Comparison between individual and summary measures shows that predictive models adjusting for all 17 individual Charlson comorbidities outperformed models using summary measures. Results from the literature are mixed. Austin et al. validated the performance and use of summary measures like the CCI and Elixhauser score as substitutes for individual comorbidities [14]. Sundararajan reported that using individual comorbidities performed better than the CCI, while Lieffers reported opposing results [16, 17]. Ghali suggested that summary measures calculated using study specific data had superior performance [18]. Acknowledging the variation in the literature, case mix adjustment using summary scores continues to be used in research for studies with small sample sizes.

Our comparisons and interpretations of aHRs between models took into consideration the natural history of the 17 Charlson comorbidities. Comorbidities with higher aHRs in TVC models compared to that in baseline models were considered to have higher risk of mortality in the short-term versus the entire study follow-up. Consistent with this interpretation, the aHRs and its 95% CI for hemiplegia or paraplegia (2.36, 2.29-2.43 in TIC and 2.89, 2.83-2.95 in TVC), were interpreted as a higher risk of death in short term following the onset of a disease or condition. Supporting this interpretation, Divanoglou reported that the highest mortality rate was within the first year of diagnosis or injury, with a 1-year mortality of 18.8% [19]. Conversely, a higher chronic obstructive pulmonary disease (COPD) aHR in the baseline model than in the TVC model could be interpreted as patients experiencing a low risk of death in the short term but with increasing risk in a longer timeframe. Shah and Kotloff [20] demonstrated that the natural history of COPD was slow to develop, with patients seeing minimal decline over short timeframes.

Limitations

Our study focused on newly diagnosed adults with hypertension, a relatively healthy population requiring a long-term follow-up to observe mortality outcomes. Patients with newly diagnosed hypertension were identified over a 12-year period (April 1 1997 to March 31 2009), with a median follow-up time of 5.75 years, well short of median survival expected for hypertensive middle aged patients (median expected survival time of 20 + years). Future research using mortality as a study outcome should focus on populations with a higher risk of mortality, such as those with acute conditions or post intervention.

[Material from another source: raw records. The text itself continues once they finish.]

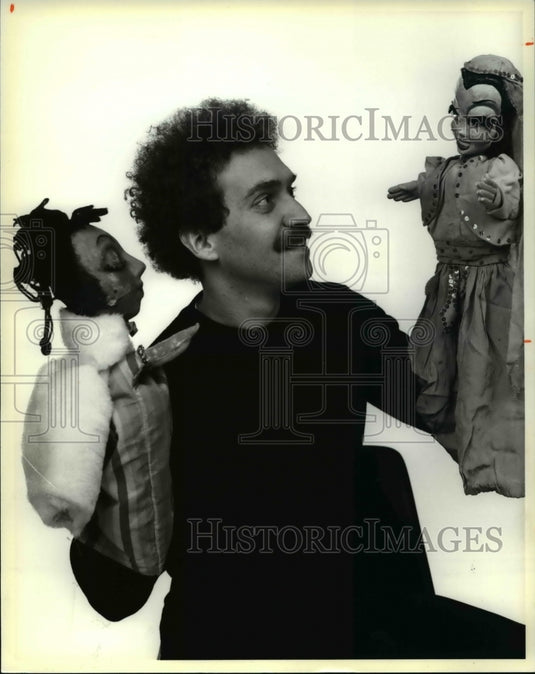 1979 Press Photo Al Klesh in Carnival - cvp75431 - Historic Images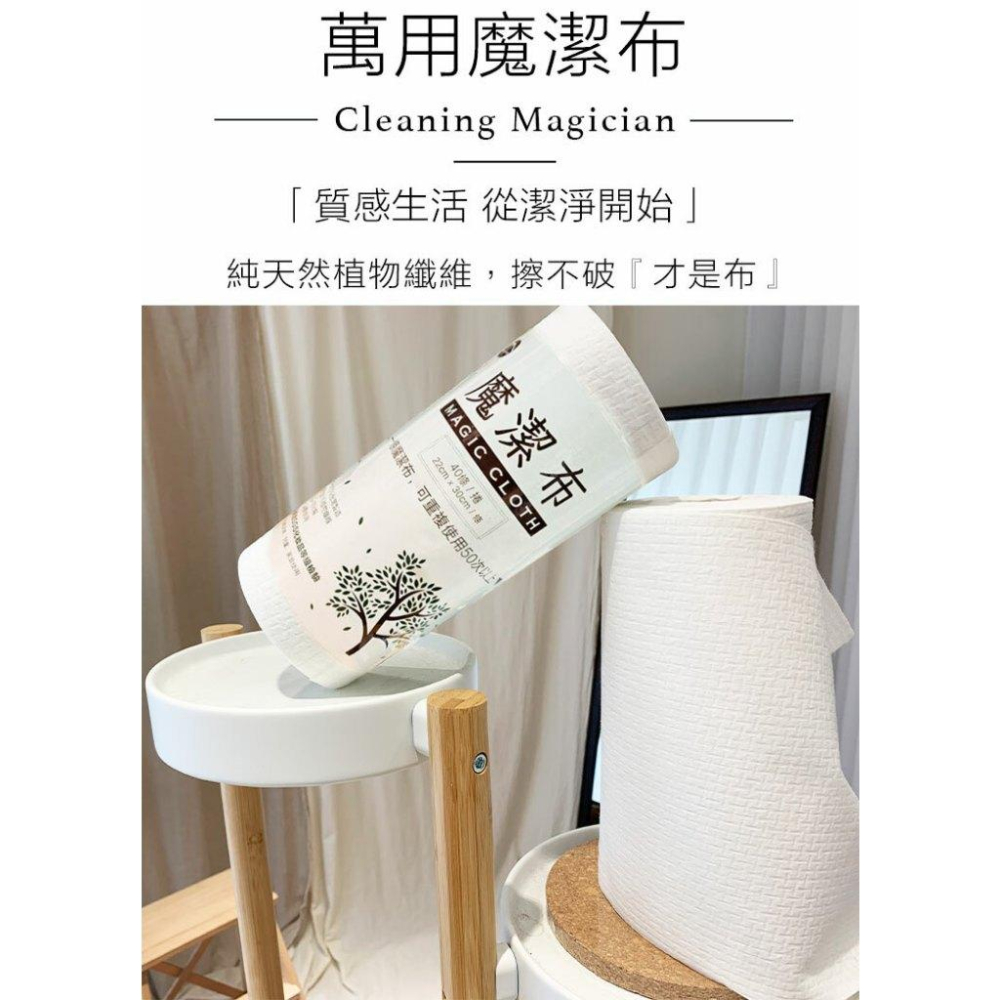 現貨 新包裝  快速出貨 IdeaHom 萬用魔潔布 40條 抹布 去污 紙抹布 魔潔布 棉紗巾 濕紙巾 紗布 重複水洗-細節圖2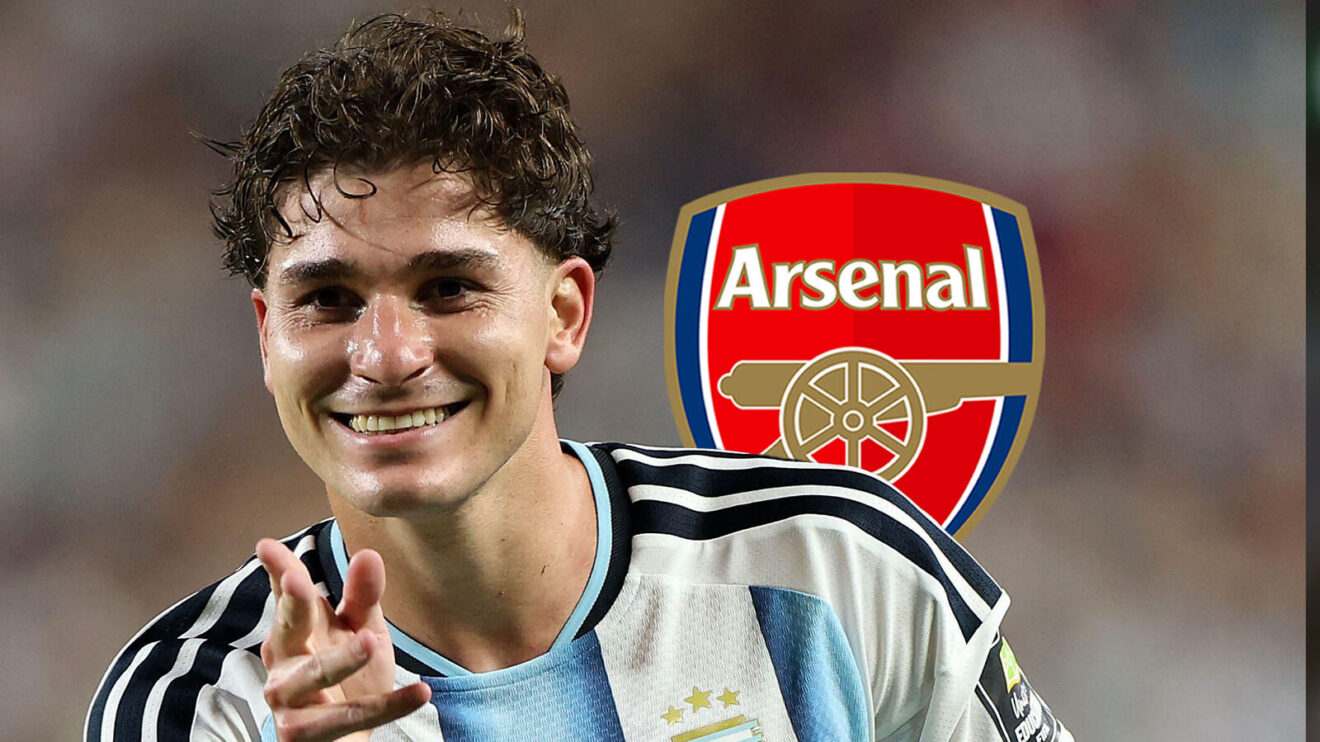 Arsenal transfer target Julian Alvarez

Use of administrative datasets may underestimate comorbidity burden for asymptomatic conditions (such as dyslipidemia or type 2 diabetes mellitus) in a relatively healthy, newly diagnosed hypertensive population. Without blood pressure measurement, asymptomatic hypertensive patients may not seek primary or acute care, and thus are not included in our study. The case definition we used has a high specificity (95 to 97%) but low sensitivity (66 to 72%), potentially under sampling low risk hypertensive patients [21].

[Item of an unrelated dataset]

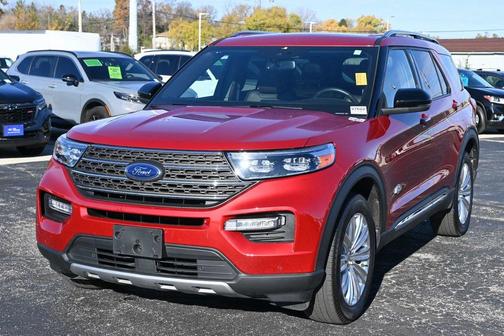 2023 Ford Explorer King Ranch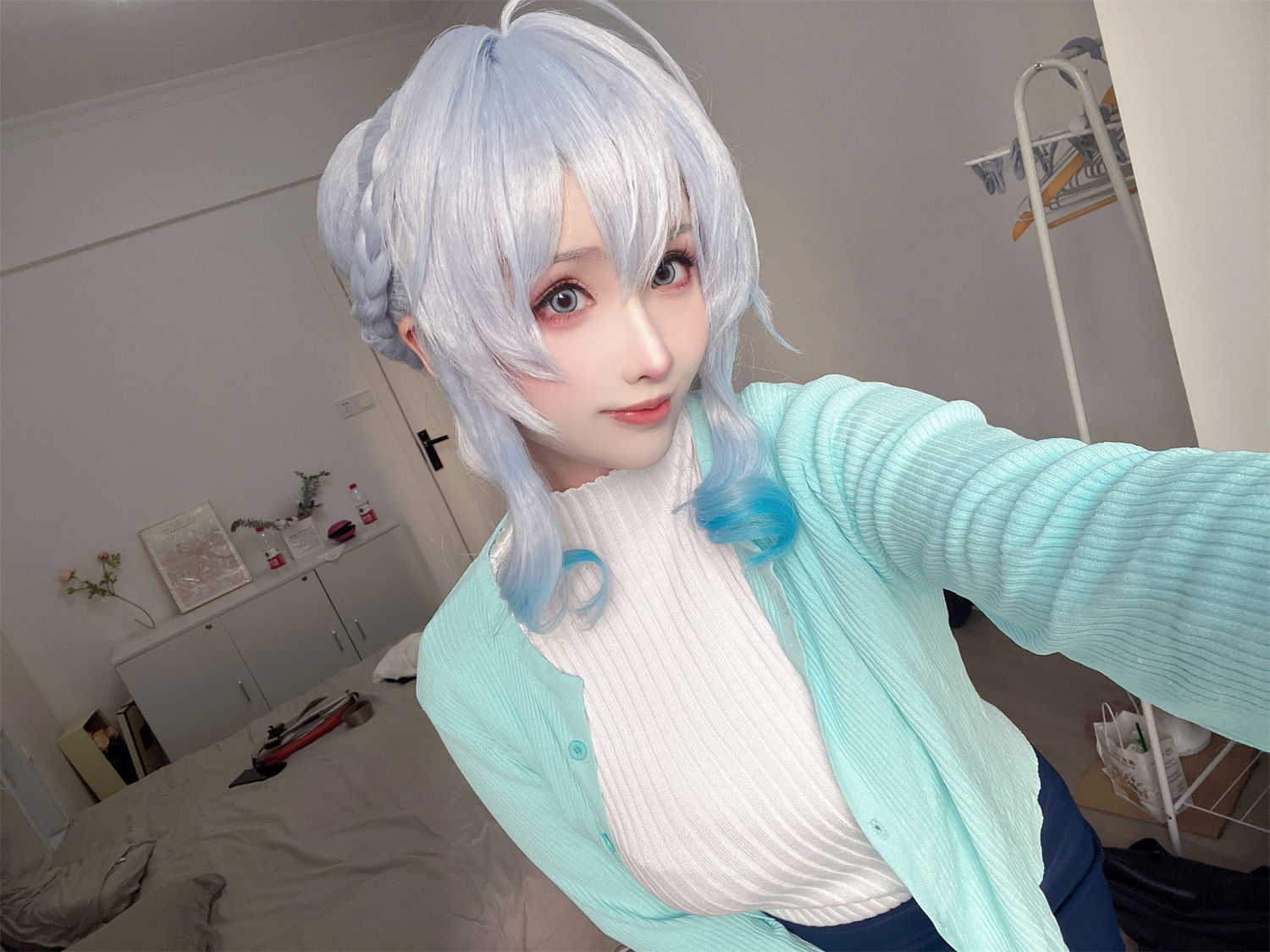 图片[2]-凉凉子：雪女为冬季赋予何种绝美气息？-清美唯艺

Consistent with previous studies, we found that there was a lack of consistency and validated analytical procedures to compare improvements between TIC and TVC models [2].

Conclusions

To the best of our knowledge this is the first large scale, population based study using administrative data investigating the onset of new comorbidities over time and its’ impact on predicting mortality risk in patients with a chronic disease. The resulting improvements in fit and performance of TVC predictive models were slight compared with method of using comorbidity assessed at baseline.